(THIS ARTICLE IS MACHINE TRANSLATED by Google from Norwegian)
On October 28 last year, the UN Secretary General, António, stated Guterres, that the Hamas massacre that killed 1.200 Israelis earlier this month had not taken place in a vacuum. He explained that one cannot disregard 56 years of occupation in our understanding of the tragedy of October 7.
The statement did not go down well everywhere. The Israeli government promptly demanded that Guterres be removed from his post. It was claimed that with his statement he endorsed the massacre on Israeli soil, and from there it was not far from the debate and anti-Zionism to the corresponding discourse on anti-Semitism.
A freedom movement
The controversial Israeli historian Ilan Pappe takes this case as his starting point in the foreword to his new book, which is an updated version of his Ten myths about Israel, which was first published in English in 2017. Now it is available in a new edition in Norwegian, which can only be welcomed, since Pappe tackles a number of the myths which, in the current situation, have come into frequent use during the decontextualization and dehistoricization of Gaza.

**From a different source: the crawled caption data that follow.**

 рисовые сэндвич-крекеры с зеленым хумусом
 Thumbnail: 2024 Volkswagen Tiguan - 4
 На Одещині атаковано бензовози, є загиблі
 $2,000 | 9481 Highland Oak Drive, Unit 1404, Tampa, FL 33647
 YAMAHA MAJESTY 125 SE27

Behind these troublesome concepts lies the fact that governments see an occasion to follow a policy they would otherwise avoid for ethical or strategic reasons. The October 7 attack has become a pretext for standing by while Israel inflicts irreparable damage on the Gaza Strip, and for the United States it has been a welcome occasion to significantly step up its military presence in the region. And because the whole thing is often taken out of the larger context, it also becomes a kind of forgiveness for the past Israelabuse occurs.

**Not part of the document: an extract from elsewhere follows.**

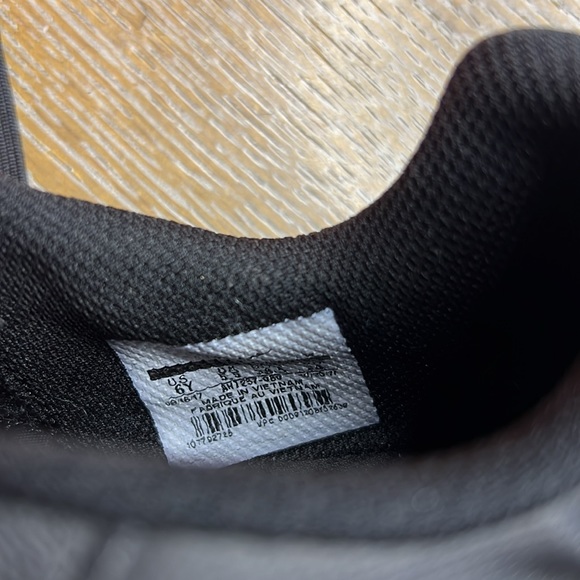 NIKE Tiempo Legendx 7 Academy IC Youth Black Orange Sneaker 6Y - Picture 11 of 11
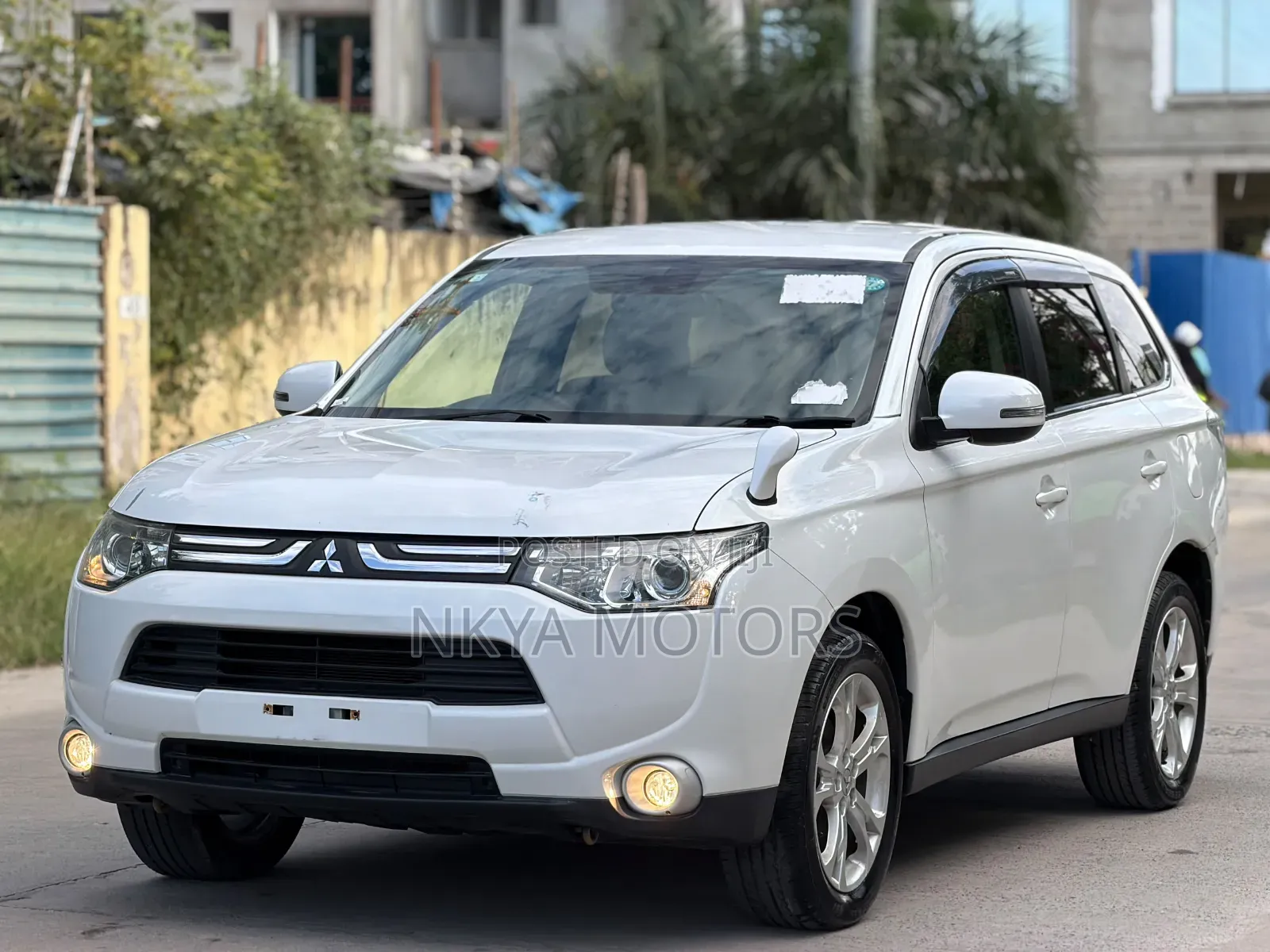 Mitsubishi Outlander 2013 White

By bringing the myths out into the clear light of day, the author thus tries to give the reader a greater perspective, and this can be useful, whether you share his view of history or not.

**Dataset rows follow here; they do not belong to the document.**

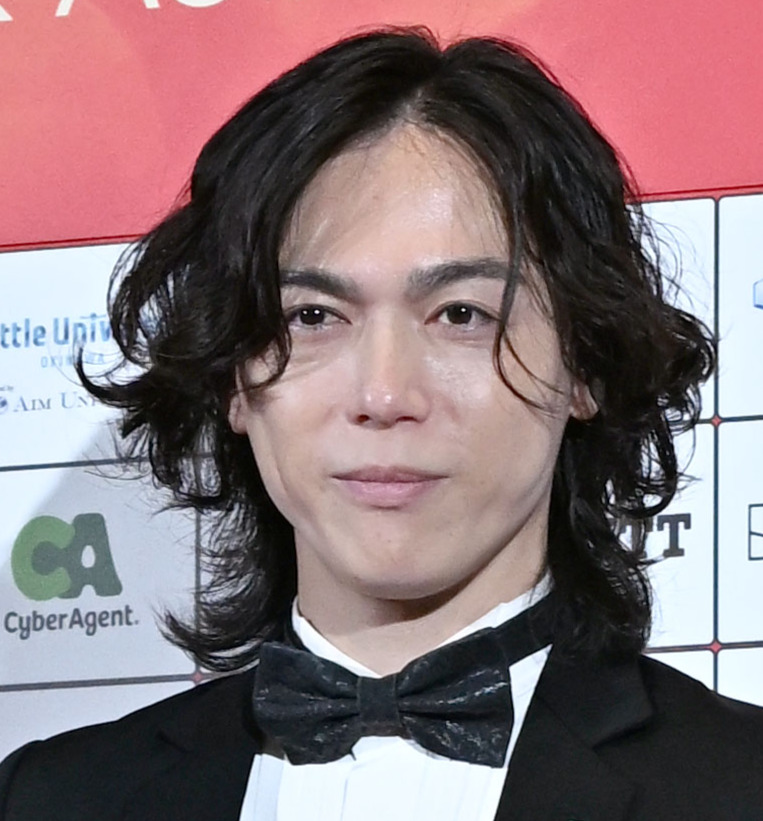 塩谷瞬（2025年6月撮影）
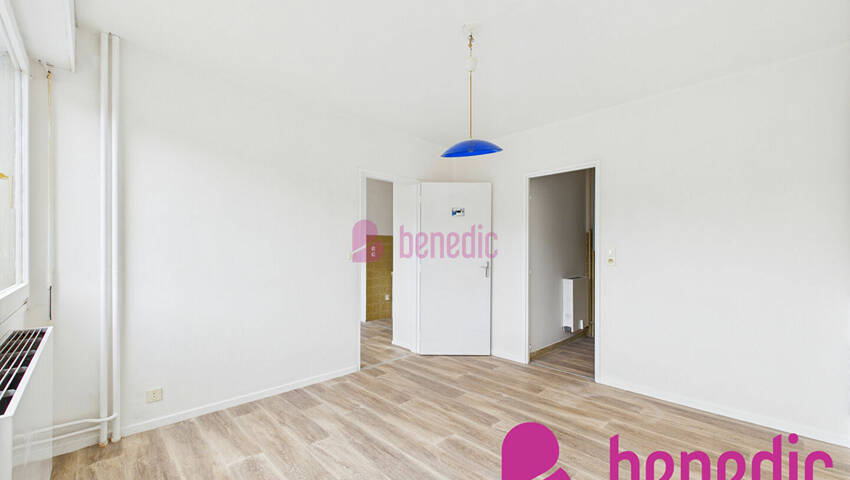 58848582c - Attribut alt par défaut.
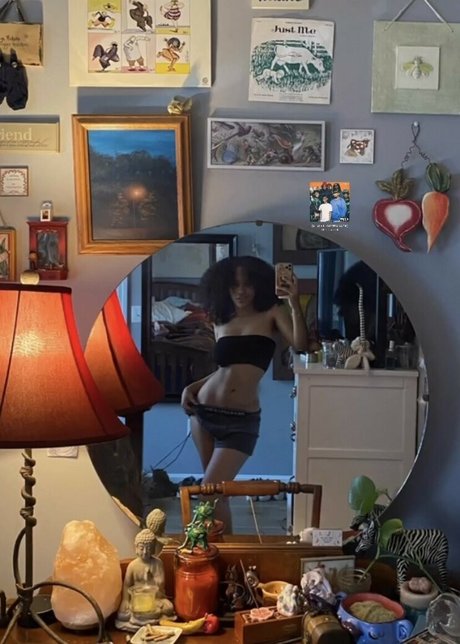 Aaliyeezy naked model pictures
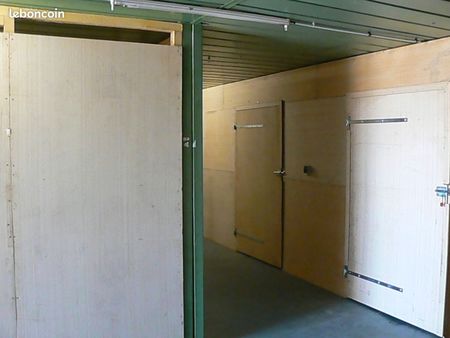 location de 1 box de stockage 12 m²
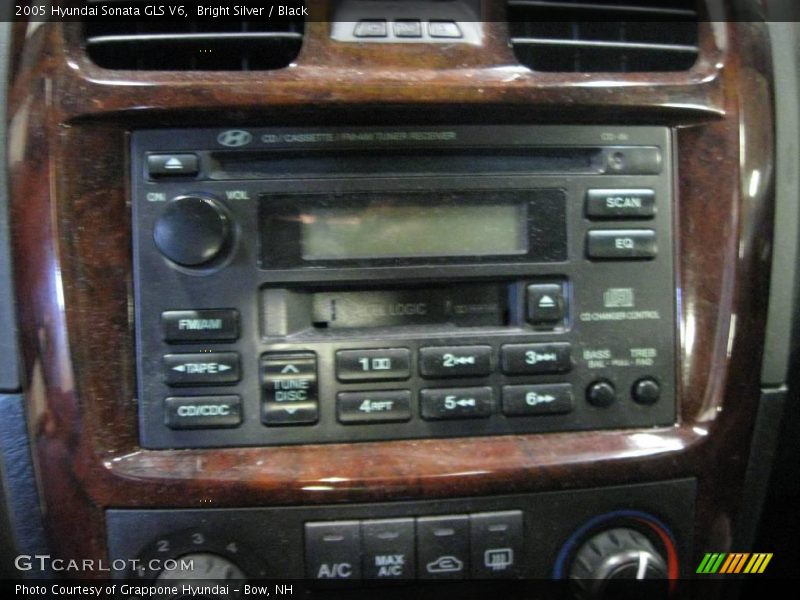 Bright Silver / Black 2005 Hyundai Sonata GLS V6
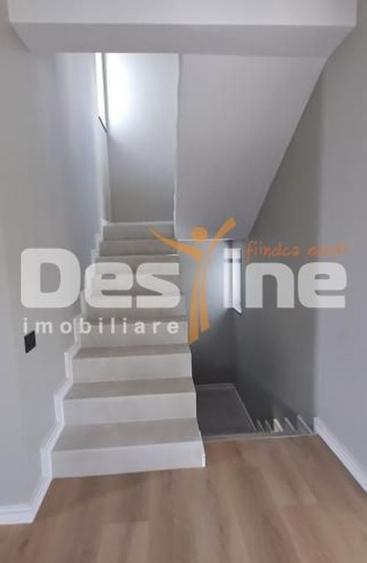 Casă cu 4 camere cu Teren 394 Mp în Miroslava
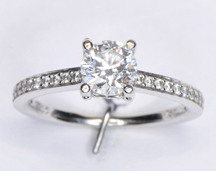	18K White Gold Diamond Ring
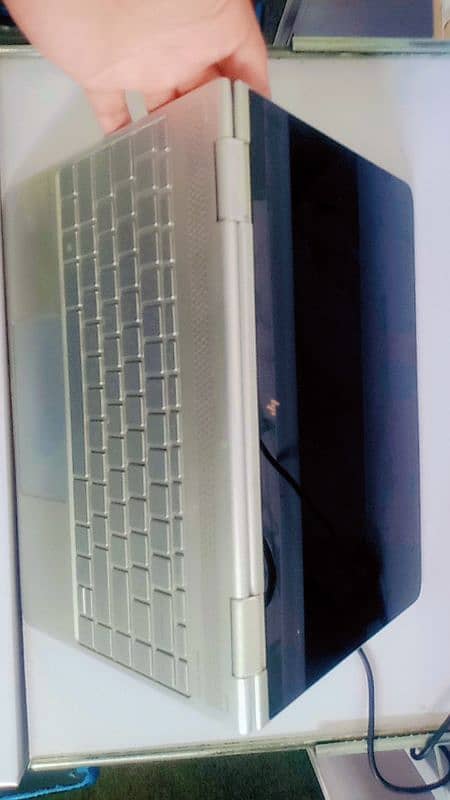 HP Spectre Laptop to Sell 10/10 condition 8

In the current context, it would be natural to look at the myth, or rather the myths, about the Gaza Strip, because there are many. One of them targets Hamas, which the Western world often defines as one terrorist movement, while Ilan Pappe has no doubts when he describes it as a freedom movement. He points out that it arose as a humanitarian organization back in the 1980s, and not least that it gained its legitimacy when it won a democratic and comfortable majority in the 2006 parliamentary elections.
The Israeli withdrawal aimed to strengthen its grip on the West Bank, while Gaza was to be transformed into an open prison.
Two developments are important here. In part, a void arose in the Palestinian national movement with the death of Yasser Arafat in 2004, and a similar void arose the following year when the Israelis evacuated the settlements in the Gaza Strip. Here the myth goes that this step was an act of peace or reconciliation, which was reciprocated with hostilities and violence. Ilan Pappe dispels the myth by claiming that the Israeli withdrawal was aimed at strengthening its grip on the West Bank, while Gaza was to be transformed into an open prison.
It was basically Israel that paved the way for Hamas.
This strategic thinking backfired. In large parts of the Palestinian population came Hamas to stand as an anchor, and not least as a response to the confused signals previously received from socialist and secular forces in the Palestinian environment. It occurred to many Western and Israeli analysts that Islamists could win a victory through democratic means. Ever since the great breakthrough for political Islam with the Iranian revolution in 1979, people had acted as if something like this could not possibly happen so close to Israel. And when, on top of that, Hamas opposed the Oslo Accords' proposals for territorial compromise, which the rival Fatah had signed, confrontation was set up, and the myth is effectively debunked here through the demonstration that it was basically Israel that paved the way for Hamas.
Defensive war?
It is a thought-provoking introduction to the conflict, Ilan Pappe has written, and, for example, the Israeli journalist and analyst Shlomi Eldar, who is far more mainstream than Pappe, gives him a long way to go. Eldar has also updated his book on Hamas himself, where he also tells some truths that are frowned upon by the political parnas.
Cardboard punctures the perception that Palestine was a country empty of people.
And Ilan Pappe continues in the same vein. It is interesting to read, for example, that where the West largely discredited Arafat, they embraced his successor, Mahmoud Abbas, which automatically increased Hamas's popularity among large sections of the Palestinian population.
He gets around a number of the other ingrained myths, which at first seem to have less direct relevance to the tragic situation in 2024. But in reality it is extremely relevant when he pierces the perception that Palestine was a depopulated country, just as his reflections on the Six Day War in 1967 as an 'involuntary war' are interesting. Here he does away with the narrative that the Arab state leaders of the time were not easy to talk to, which made the war and the occupation necessary in order to be able to force the other party to the negotiating table.
This is an obvious prerequisite for understanding the claim that in October 2023 Israel launched a 'defensive war' against the Gaza Strip. In Ilan Pappe's view, it was a Palestinian reaction to long-term confinement, which is an often-heard argument, but more importantly it can be seen as a response to a number of Israeli violations of the ceasefire provisions in the area. Which in the book turns into a showdown with yet another myth.